Methotrexate is considered the first-line treatment for rheumatoid arthritis (RA), as it has a long record of safety and efficacy. But that doesn’t mean methotrexate works for everyone.
In fact, a 2018 study found that 43 percent of RA patients were non-responders to this drug. The authors found that such factors as being negative for rheumatoid factor (an autoantibody that plays a role in rheumatoid arthritis), having a higher tender joint count, and higher anxiety scores played a role in people who didn’t respond to methotrexate. Other research has suggested that being a smoker or having higher disease activity when starting methotrexate might explain why some people don’t respond to it.
Now a new study has found that specific epigenetic changes — modifications to genes that switch them on and off — are associated with good or poor response to methotrexate.
Every cell in your body contains the same DNA, yet cells function very differently thanks to a process called methylation. During methylation small compounds (methyl groups) attach to DNA molecules, which changes how they’re expressed. These changes occur naturally as you develop, but they can also happen as a result of influences in the environment.
In recent years, scientists have been studying about how differences in methylation patterns might increase or decrease the chances of developing diseases, including RA. According to this new study, published in the journal Arthritis Research & Therapy, methylation patterns might also impact RA patients’ methotrexate response.

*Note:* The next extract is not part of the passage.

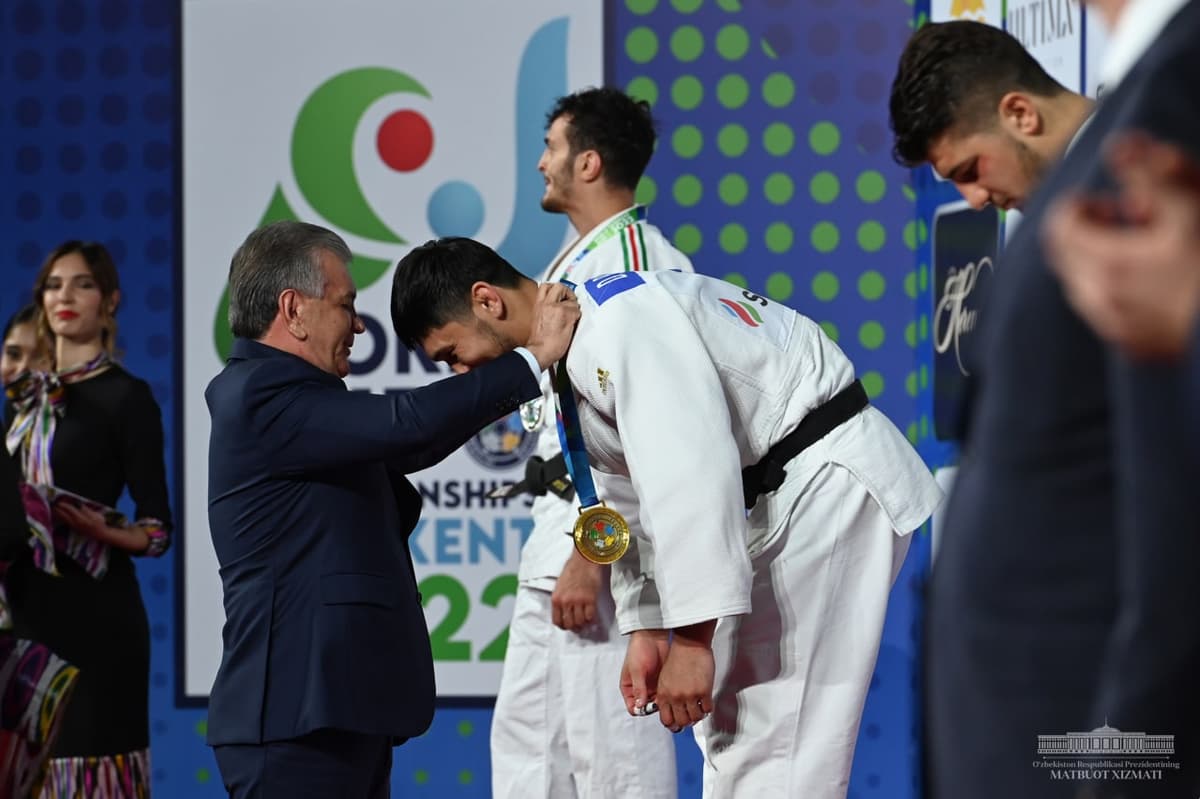 Шавкат Мирзиёев посетил состязания чемпионата мира по дзюдо 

To conduct the study, researchers took blood samples from 294 RA patients in the Netherlands who had not yet tried methotrexate and had the DNA and methylation patterns of their white blood cells analyzed. They found that those who had lower levels of methylation at the beginning of the study were more apt to respond well to methotrexate (as measured after three months of treatment with the drug).
“This is in line with our hypothesis that higher baseline global DNA methylation levels are more difficult to inhibit and that this is associated with non-response,” the authors wrote.
Whether methylation patterns can used to predict who should take methotrexate instead of relying on trial-and-error still remains to be seen, though it seems possible.
For now, “the underlying pathway, as well as the potential added value [of using methylation] in a prediction model for [methotrexate] response requires further exploration,” the authors wrote.